- Born: Valdemar Axel Firsoff 29 January 1910 Bila Tserkva, Ukraine
- Died: 19 November 1981 (aged 71)
- Scientific career
- Fields: astronomy

= Axel Firsoff =

British amateur astronomer

Valdemar Axel Firsoff FRAS was known principally as an amateur astronomer. He was born on 29 January 1912 in Bila Tserkva, Russian Empire, and died on 19 November 1981. He lived in Lochearnhead, Scotland, before moving to Somerset, England, where he settled in Glastonbury.

==Biography==

Axel Firsoff held an MA degree in languages and worked as a Swedish translator and in the United Kingdom Patent Office. He was a keen mountaineer and skier, as some of his earlier books reveal, and he was a ski instructor for the British Olympic Ski Team in the 1950s. He developed an interest in science, in particular geology and astronomy and this led him to publish numerous books on the moon and inner planets.
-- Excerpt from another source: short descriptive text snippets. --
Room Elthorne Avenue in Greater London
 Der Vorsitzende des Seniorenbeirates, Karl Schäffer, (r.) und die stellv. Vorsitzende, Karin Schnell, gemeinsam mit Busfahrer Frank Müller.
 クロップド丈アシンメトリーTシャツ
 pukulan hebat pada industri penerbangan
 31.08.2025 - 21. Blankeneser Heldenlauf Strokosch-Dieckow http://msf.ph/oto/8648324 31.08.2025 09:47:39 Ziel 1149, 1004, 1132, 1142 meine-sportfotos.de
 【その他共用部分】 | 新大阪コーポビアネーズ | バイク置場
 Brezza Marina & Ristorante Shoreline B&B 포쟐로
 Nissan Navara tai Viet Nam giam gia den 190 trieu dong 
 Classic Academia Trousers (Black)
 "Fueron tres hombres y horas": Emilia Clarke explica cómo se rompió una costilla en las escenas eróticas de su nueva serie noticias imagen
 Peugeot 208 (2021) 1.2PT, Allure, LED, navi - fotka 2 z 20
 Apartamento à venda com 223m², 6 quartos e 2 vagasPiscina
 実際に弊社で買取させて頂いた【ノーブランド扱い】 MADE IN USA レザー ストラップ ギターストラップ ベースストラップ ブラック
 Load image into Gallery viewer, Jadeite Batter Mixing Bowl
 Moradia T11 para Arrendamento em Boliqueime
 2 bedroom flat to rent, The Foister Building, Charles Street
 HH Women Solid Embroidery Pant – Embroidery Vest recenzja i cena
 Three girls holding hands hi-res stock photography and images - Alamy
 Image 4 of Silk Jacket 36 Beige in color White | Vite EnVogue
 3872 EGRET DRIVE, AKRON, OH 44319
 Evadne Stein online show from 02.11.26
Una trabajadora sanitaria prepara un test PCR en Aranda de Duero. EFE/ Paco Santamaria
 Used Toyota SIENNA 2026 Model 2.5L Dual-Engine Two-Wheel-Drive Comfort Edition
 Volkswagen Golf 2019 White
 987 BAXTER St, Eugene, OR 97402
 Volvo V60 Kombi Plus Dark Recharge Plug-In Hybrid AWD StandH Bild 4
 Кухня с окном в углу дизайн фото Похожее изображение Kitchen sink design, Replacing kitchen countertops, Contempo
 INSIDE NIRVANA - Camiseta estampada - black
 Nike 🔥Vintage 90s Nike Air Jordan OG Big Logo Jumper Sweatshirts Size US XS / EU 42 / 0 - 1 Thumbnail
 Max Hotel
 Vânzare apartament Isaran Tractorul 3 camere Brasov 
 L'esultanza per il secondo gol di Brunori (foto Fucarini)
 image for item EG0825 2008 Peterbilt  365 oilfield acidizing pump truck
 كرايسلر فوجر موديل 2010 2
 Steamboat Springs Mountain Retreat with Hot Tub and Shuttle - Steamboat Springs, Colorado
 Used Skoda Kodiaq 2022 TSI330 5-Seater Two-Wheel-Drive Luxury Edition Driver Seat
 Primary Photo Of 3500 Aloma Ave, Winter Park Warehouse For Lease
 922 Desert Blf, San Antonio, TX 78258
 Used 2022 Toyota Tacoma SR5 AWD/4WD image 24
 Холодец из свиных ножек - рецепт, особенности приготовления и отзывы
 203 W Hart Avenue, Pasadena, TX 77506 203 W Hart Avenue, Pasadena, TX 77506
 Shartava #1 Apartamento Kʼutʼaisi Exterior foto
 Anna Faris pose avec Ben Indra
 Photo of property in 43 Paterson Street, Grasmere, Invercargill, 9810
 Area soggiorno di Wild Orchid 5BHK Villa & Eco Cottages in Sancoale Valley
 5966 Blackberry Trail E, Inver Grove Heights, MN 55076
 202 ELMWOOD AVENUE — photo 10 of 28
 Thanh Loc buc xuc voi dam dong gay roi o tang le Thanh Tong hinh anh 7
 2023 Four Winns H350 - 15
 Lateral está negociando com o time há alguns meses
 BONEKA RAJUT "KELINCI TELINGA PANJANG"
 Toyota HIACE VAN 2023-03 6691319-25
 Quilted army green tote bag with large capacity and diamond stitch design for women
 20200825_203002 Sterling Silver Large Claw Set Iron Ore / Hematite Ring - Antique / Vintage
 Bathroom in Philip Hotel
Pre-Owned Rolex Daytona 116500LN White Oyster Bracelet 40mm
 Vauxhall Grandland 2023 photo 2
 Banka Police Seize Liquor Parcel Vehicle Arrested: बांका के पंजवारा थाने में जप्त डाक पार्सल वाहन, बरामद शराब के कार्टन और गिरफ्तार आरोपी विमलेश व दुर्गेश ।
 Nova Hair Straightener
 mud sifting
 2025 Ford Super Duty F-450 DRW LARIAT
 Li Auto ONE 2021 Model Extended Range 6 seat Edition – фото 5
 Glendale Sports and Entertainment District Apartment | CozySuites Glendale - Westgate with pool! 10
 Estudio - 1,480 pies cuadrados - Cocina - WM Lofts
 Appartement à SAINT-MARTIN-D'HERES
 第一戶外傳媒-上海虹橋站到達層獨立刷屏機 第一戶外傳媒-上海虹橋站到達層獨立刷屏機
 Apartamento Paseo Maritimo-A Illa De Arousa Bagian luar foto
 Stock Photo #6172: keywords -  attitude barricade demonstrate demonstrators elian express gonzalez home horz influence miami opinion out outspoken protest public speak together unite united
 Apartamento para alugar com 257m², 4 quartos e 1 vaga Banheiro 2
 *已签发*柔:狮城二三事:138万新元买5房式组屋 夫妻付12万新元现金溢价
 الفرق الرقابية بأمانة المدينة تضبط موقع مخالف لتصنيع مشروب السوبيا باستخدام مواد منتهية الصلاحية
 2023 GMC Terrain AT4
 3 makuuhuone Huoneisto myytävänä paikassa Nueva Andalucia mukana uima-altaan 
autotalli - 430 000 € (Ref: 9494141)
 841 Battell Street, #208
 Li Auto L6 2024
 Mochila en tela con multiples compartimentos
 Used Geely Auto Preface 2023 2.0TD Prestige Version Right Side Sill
Many of his books also touched on extraterrestrial life and the nature of the mind. In Life, Mind and Galaxies, he speculated that "mind seems to be an entity of the same order as energy and matter", an idea well before its time. Firsoff held unorthodox views, for example he did not believe in the expansion of the universe. In other aspects of his work, such as the nature of the lunar craters, which he considered to be of volcanic rather than cosmological origin, he was later proved to be well wide of the mark.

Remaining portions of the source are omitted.